Dass diese Szene, fehlerhaft wie sie war, einfach drin blieb, ist ein Ding. Mehr noch: Eine Story. Ich hoffe, dass ich sie eines Tages erzählt bekommen werde.

2 Antworten auf „Spiel mir das Lied der Harmonika“

  1. Das is ja n Dicker Hund, lieber Franz. Gerade, als ich Doc’s blog gelesen habe, dachte ich mir, welch Parallelluniversum: Gestern Nachmittag hing ich mit meinen Töchtern vorm Fernseher ab und wir zogen uns «Heidi» rein. Wir lagen am Sofa, fest umschlungen, und haben vier Stunden lang geheult, während die Männer in der Küche über geile Schlagzeugsoli und sinnvolle hardware, zu bedenkende Probleme bei Bohrungen in Toms und das Themahatkeinendenicht diskutierten. Von Zeit zu Zeit guckten sie nach uns und gingen Kopfschüttelnd wieder an ihren Arbeitsplatz – ein vollgeräumter Tisch mit Keksen, Eierschalen, Prospekten und Bier. Sie verstanden das einfach nicht. Wie kann man so eine Scheiße nur eine Sekunde lang ertragen! Ich hab keinen Regiefehler entdeckt, meine Augen waren dauerverschwommen und heute morgen hatte ich Krusten sogar in den Wimpern. Es tut mir leid, dass euch, liebe blogleser, immer wieder Kommentare von so einer Bekloppten den Tag versauen, wo es doch viel wichtigere Themen zu behandeln gibt- deren Dringlichkeit ich jedoch auch erkenne, sonst würde ich hier im blog längst verstummt sein. Lieber Doc, ich halte Sie für einen äußerst feinsinnigen und wortreichen Autor, der uns hoffentlich noch weiter erfreuen wird. In diesem Sinne, auf gutes Neues!

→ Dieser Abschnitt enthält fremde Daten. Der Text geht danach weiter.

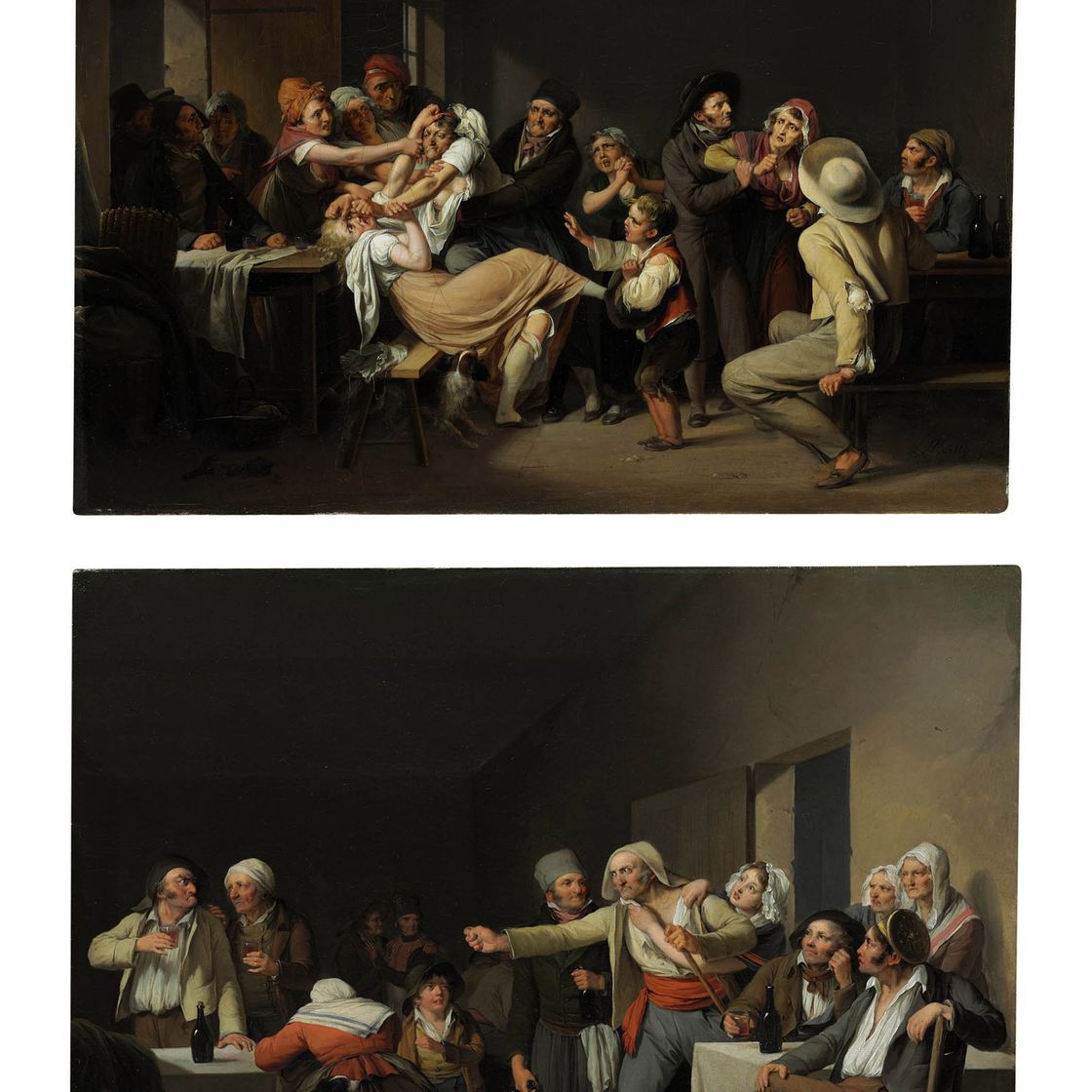 Louis Leopold Boilly — Женщины сражаются, а мужчины спорят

  2. Den Film habe ich kürzlich in einem Berliner Kino seit Jahren mal wieder gesehn, und zwar durchs kleine Fenster des Vorführraums, und nicht ganz, aber immer wieder eine Viertelstunde.

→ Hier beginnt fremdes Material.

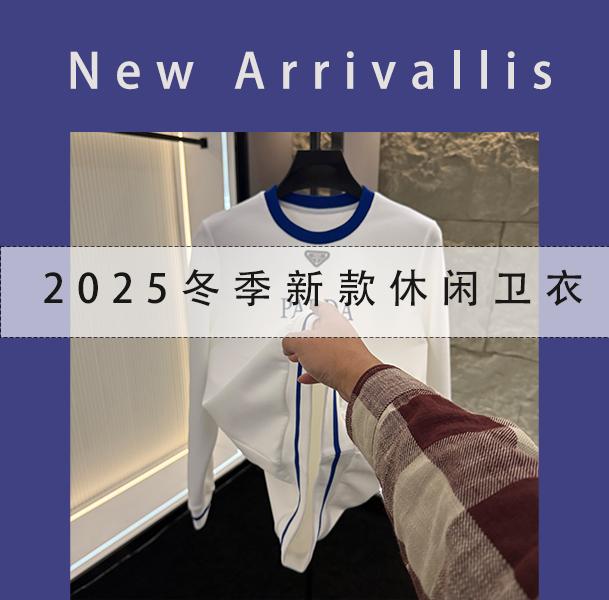 2025冬季新款轻奢时尚高定男士休闲卫衣LL-D-8038-12百搭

    Die Filmrollen ächzten unter Tonnen von Zelluloid, und nicht nur, dass ich sowieso kein Wort hören konnte, es war so ein Heidenlärm, dass ich eh nichts hätte verstehen können.
    Irgendwie bekam der Film dadurch eine spezielle Aura, und ich war dermaßen gefesselt, dass mir natürlich niemals die geschilderte Sache mit der verkehrten Mundharmonika aufgefallen wäre.

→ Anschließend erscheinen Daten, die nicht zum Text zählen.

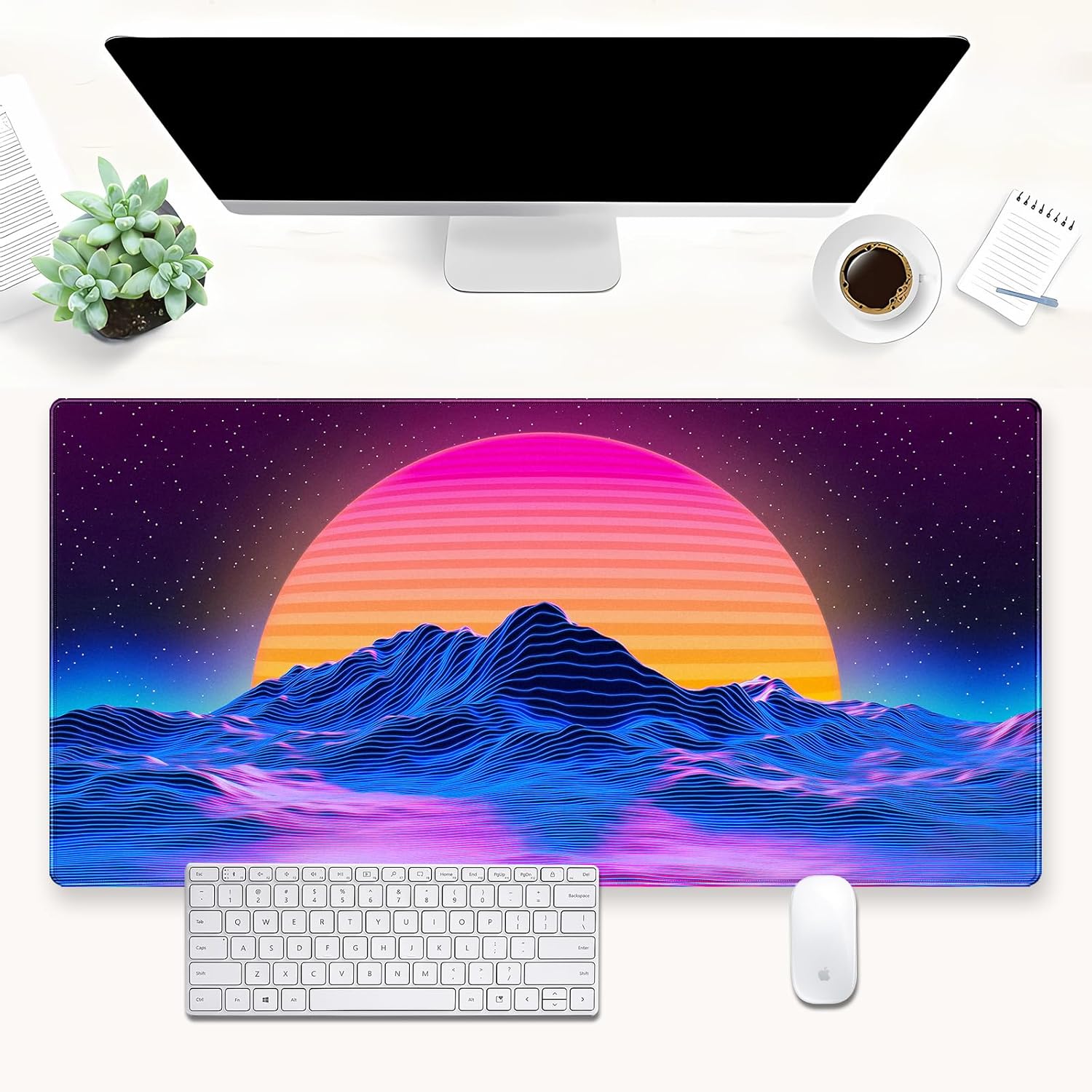 Tapete de Mesa Retro Synthwave - Mouse Gaming Retro avaliação e preço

    Nichtsdestotrotz wünsche ich allen Songdog-Bloggern (die guten Willens sind) ein allerbestes 2o1o. – Und im Übrigen bin ich der Meinung, dass Frau Völk den Preis «Songdog´s Blogger 09» bekommen sollte. Was könnte der Preis sein? Vielleicht ein Thema ihrer Wahl, dass von Doc Songdog behandelt wird?